-------- Supplied entries

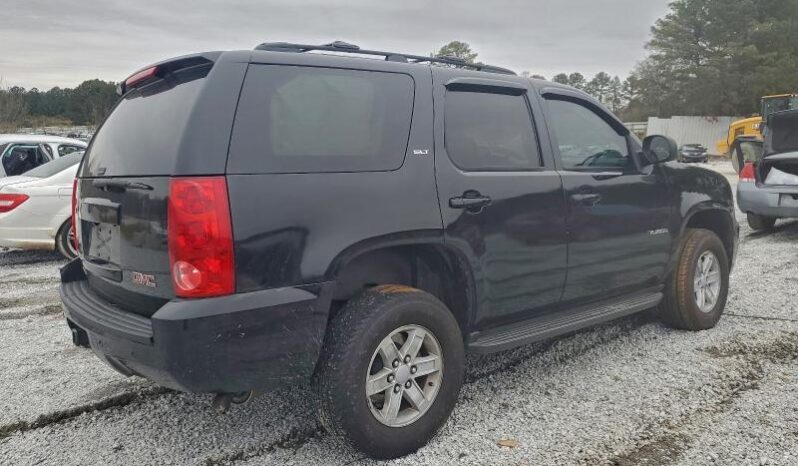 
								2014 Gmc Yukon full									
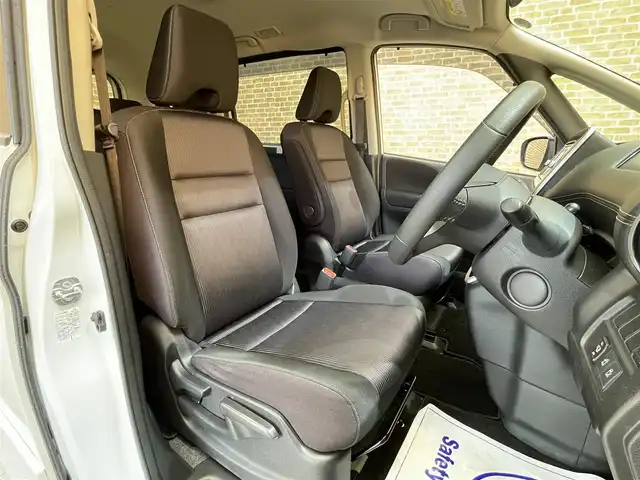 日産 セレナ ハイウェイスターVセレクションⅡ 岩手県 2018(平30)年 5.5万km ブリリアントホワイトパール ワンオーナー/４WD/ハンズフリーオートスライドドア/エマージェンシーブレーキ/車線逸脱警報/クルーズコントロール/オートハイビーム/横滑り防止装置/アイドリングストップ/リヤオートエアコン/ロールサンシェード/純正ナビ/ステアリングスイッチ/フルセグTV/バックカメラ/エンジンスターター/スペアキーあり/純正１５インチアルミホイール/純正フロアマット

----------------
-------- Supplied entries

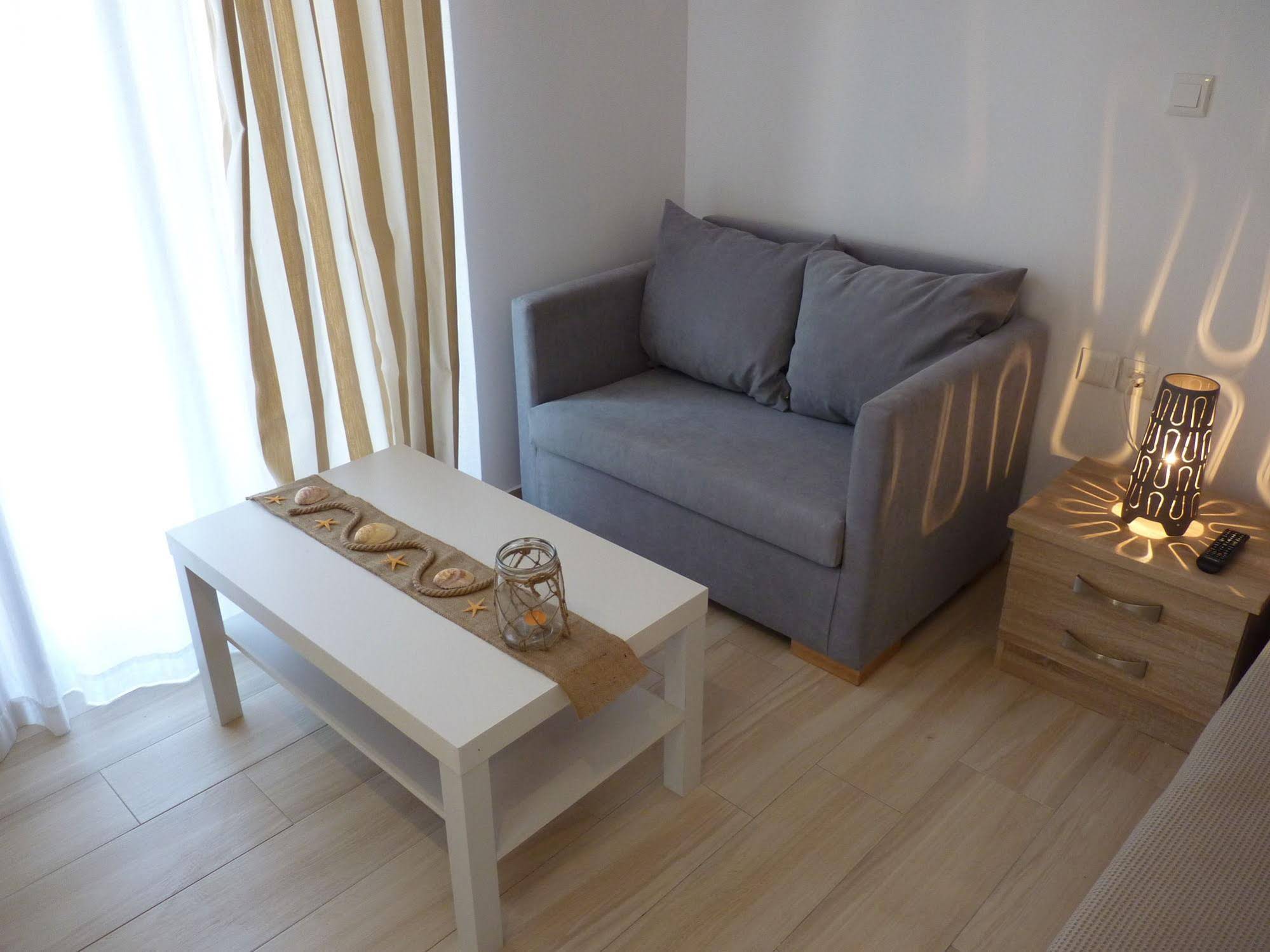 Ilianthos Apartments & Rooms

----------------
-------- Supplied entries

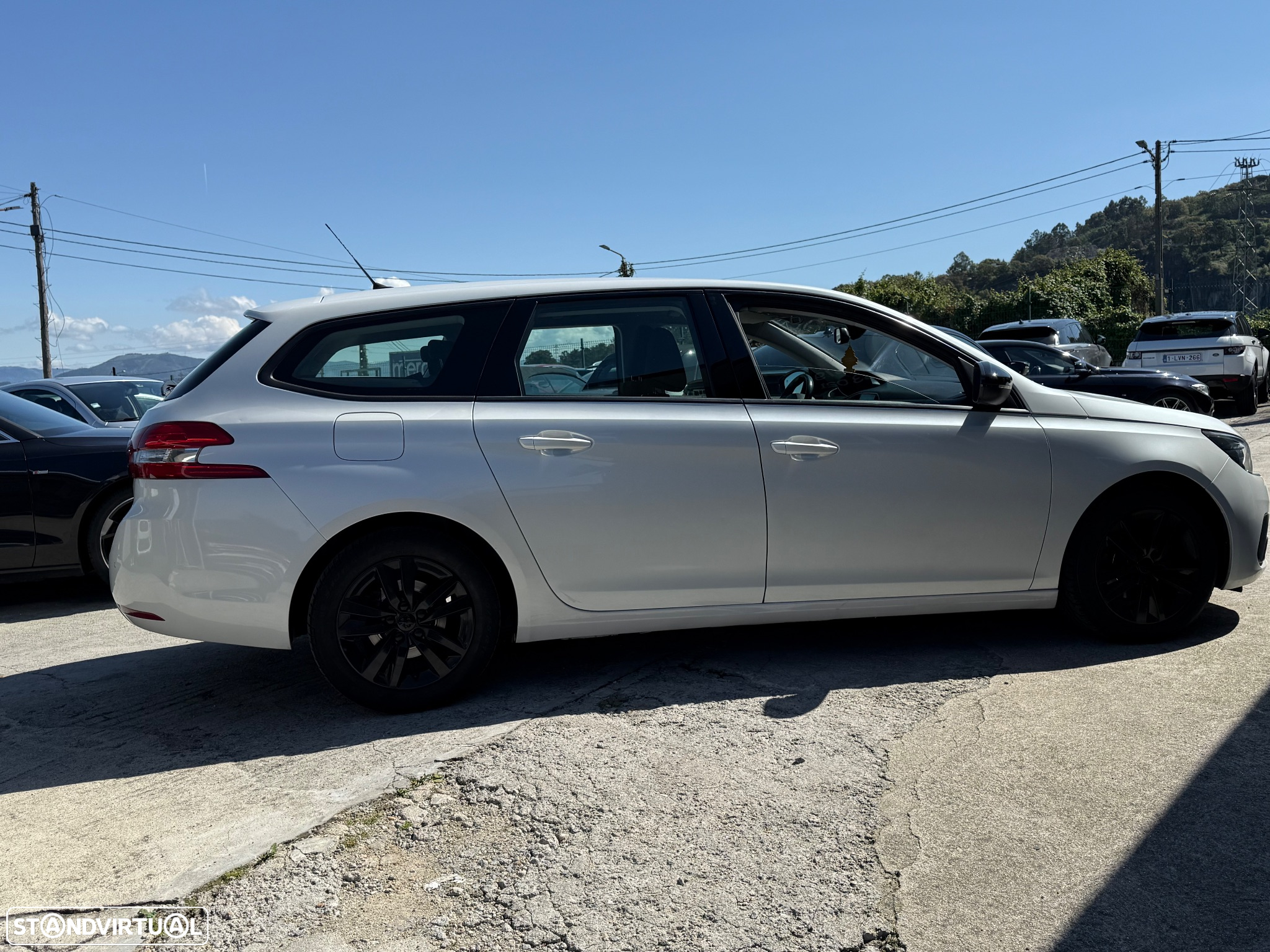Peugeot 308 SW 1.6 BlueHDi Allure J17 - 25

----------------

**What needs to be done:** When copying from the data above, begin at the line containing "2014 Gmc Yukon full" and end at the line containing "日産 セレナ ハイウェイスターVセレクションⅡ"; return those lines exactly and leave all pictures behind.

**Output for this exercise:**
								2014 Gmc Yukon full									
 日産 セレナ ハイウェイスターVセレクションⅡ 岩手県 2018(平30)年 5.5万km ブリリアントホワイトパール ワンオーナー/４WD/ハンズフリーオートスライドドア/エマージェンシーブレーキ/車線逸脱警報/クルーズコントロール/オートハイビーム/横滑り防止装置/アイドリングストップ/リヤオートエアコン/ロールサンシェード/純正ナビ/ステアリングスイッチ/フルセグTV/バックカメラ/エンジンスターター/スペアキーあり/純正１５インチアルミホイール/純正フロアマット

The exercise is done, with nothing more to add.